More detailed explanations and instructions come later in the post.

Setting up your Java scraping environment

You want a modern web scraping Java setup that feels boring, but in a good way. Java 21 LTS, one build tool, and a code editor that won't fight you.

One important thing upfront. Your network calls go through ScrapingBee's API. That's your "get me the page" layer. In Java, you still do the work: parse HTML with Jsoup and manage data with collections. And if you need a real browser, you run Selenium in Java too.
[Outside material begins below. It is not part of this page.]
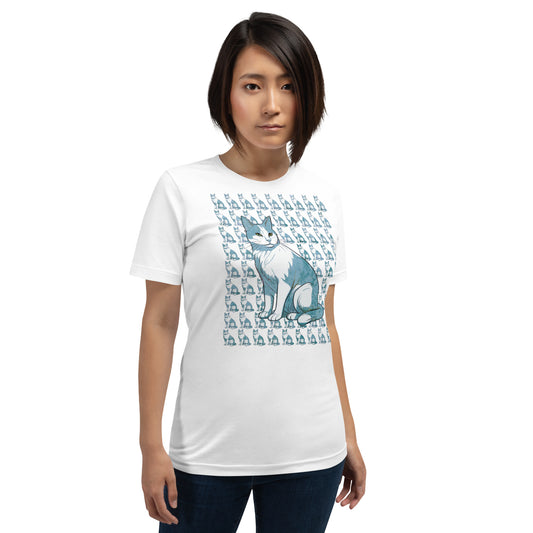 Blue Repeating Cat Pattern Unisex T-Shirt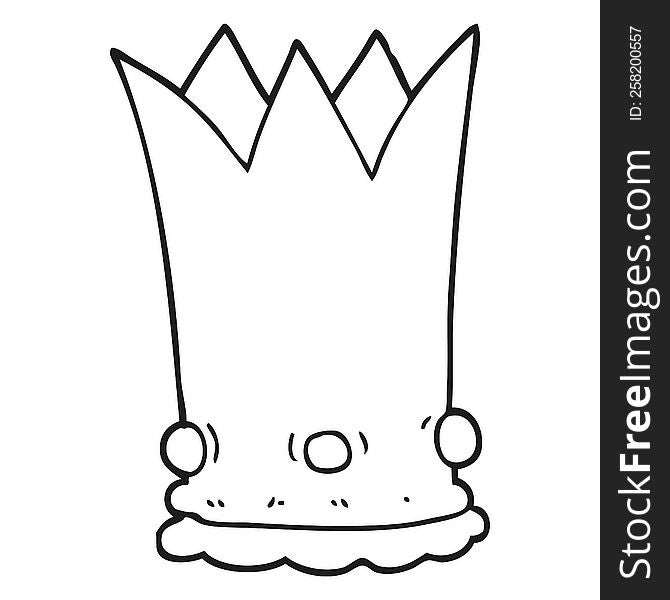 freehand drawn black and white cartoon crown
Installing Java 21 LTS and verifying setup

Install Java 21 LTS. It keeps your stack current and stable. It also gives you nice modern stuff like:

  • a solid built-in HttpClient
  • record types for clean data models
  • virtual threads for scaling lots of requests

After install, make sure both java and javac are on your PATH:

java -version
javac -version

You want to see 21 in the output. If javac is missing, you likely installed a JRE-only package. You want a full JDK.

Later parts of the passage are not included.